August 15, 2005

Federal Appeals Court Holds That Challenges to Corps of Engineers Wetlands Permit Regulations Are Ripe for Review

Holland & Knight Newsletter
Rafe Petersen

In a big win for aggregates companies and for public agencies that build transportation and water resource projects, the U.S. Court Appeals for the District of Columbia Circuit, on July 29, 2005, reversed a lower court decision finding that their challenge to the U.S. Army Corps of Engineers (Corps) 2002 Nationwide Permit Regulations (NWP) under the federal Clean Water Act was final agency action and, therefore, “ripe for review.” The aggregates industry and public agencies had challenged numerous provisions in the NWP regulations, particularly focusing on NWP 43 for storm water management and NWP 44 for mining, asserting that these NWPs were essentially useless given the severe restrictions on floodplain impacts and the one-half acre national cap in wetlands impacts. In November 2003, Judge Richard Leon refused to address the merits, finding that the NWP regulations were not final and reviewable.

Writing for the unanimous three-judge panel reversing the lower court, Judge Karen Henderson held that the NWP regulations were final and “ripe for review.” The Court stated that “because the Corps NWPs mark the completion of the Corps decision-making process and affect the appellants day-to-day operations, they constitute final agency action regardless of the fact that the Corps action might carry different (or no) consequences for a different challenger, such as an environmental group.” The Court particularly cited the NWPs adverse impacts on a company’s decision making stating that “if the appellants planned activities do not meet the applicable NWP’s conditions and thresholds they have two options.
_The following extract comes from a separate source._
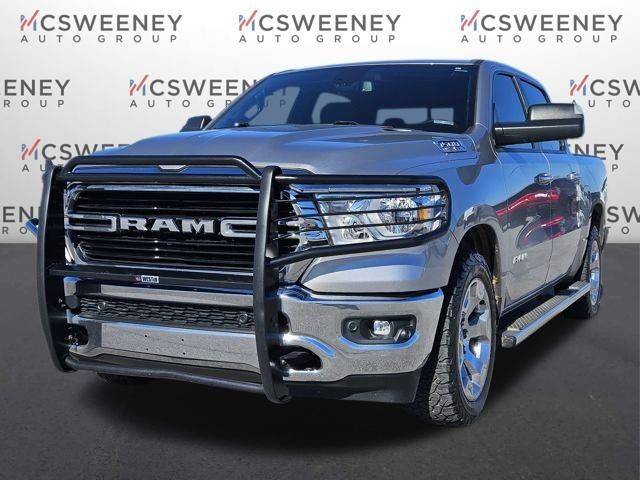 2019 Ram 1500 Big Horn/Lone Star 4WD photo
They can either put their projects on hold and run the Corps individual-permit gauntlet or modify the project conditions. Either way, through increased delay or project modification, the NWPs directly affect the investment and project development choices of those whose activities are subject to the CWA.”

The Court also held that the NWPs were regulations and subject to the Federal Administrative Procedure Act requirements and that the Regulatory Flexibility Act claim requiring consideration of economic impacts on small businesses was also ripe for review. The Court, however, held that the appellants could not press their NEPA claim for lack of standing. The case will now be sent back to the District Court which will consider numerous claims that the 2002 NWP regulations violated the CWA.

Larry Liebesman, Rafe Petersen and Ethan Arenson of Holland & Knight’s Washington, D.C. office represented the National Stone Sand and Gravel Association (NSSGA), the American Road and Transportation Builders Association (ARTBA) and the Nationwide Public Projects Coalition (NPPC). Other appellants included the National Association of Home Builders (NAHB), the National Federation of Independent Businesses (NFIB) and Wayne Newnam, an Ohio homebuilder.